I cannot resist the pull of poetry any more than my older son, the one whose degenerative illness first sent me diving into Emily Dickinson, can resist playing out every night at dinner the various possibilities and impacts of rainouts and pitcher rotations in post-season baseball or my boyfriend can resist escaping into the ambience and heroic plot lines of classic movies as a weekend antidote to the thin gruel of investment banking in a severe economic downturn.

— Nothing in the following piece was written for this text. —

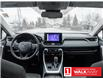 2024 Toyota RAV4 LE (Stk: R8012) in Newmarket - Image 22 of 24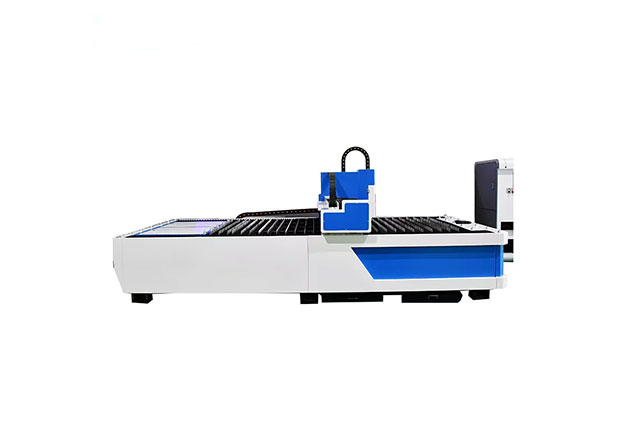 dg1530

Early on, my love affair with poetry trembled with newfound passion, much as my coterminous first encounter with raw oysters. No one forced the spiny mollusks on me; they were simply offered and I was uncharacteristically ready and eager, aware in an instant that the experience was new and yet so immediately taken in by the pleasure that the anticipation and the “time before”—pre-oysters and pre-poetry—held nothing to draw me back. Unknown things arrived as if previously known, at least in part.

Prone to be a grinder, I am enticed by poetry toward the possibility that guardedness is over-rated, that the Grail might come flying at me looking like a curveball. Caught and held, a whole world could open. Ackerman to Zagajewski between the covers. Blue Points, Hama Hama, Canada Cup, Effingham, Kumamota, Malpeque, and Hog Island Sweetwaters on ice. Consider the poetry.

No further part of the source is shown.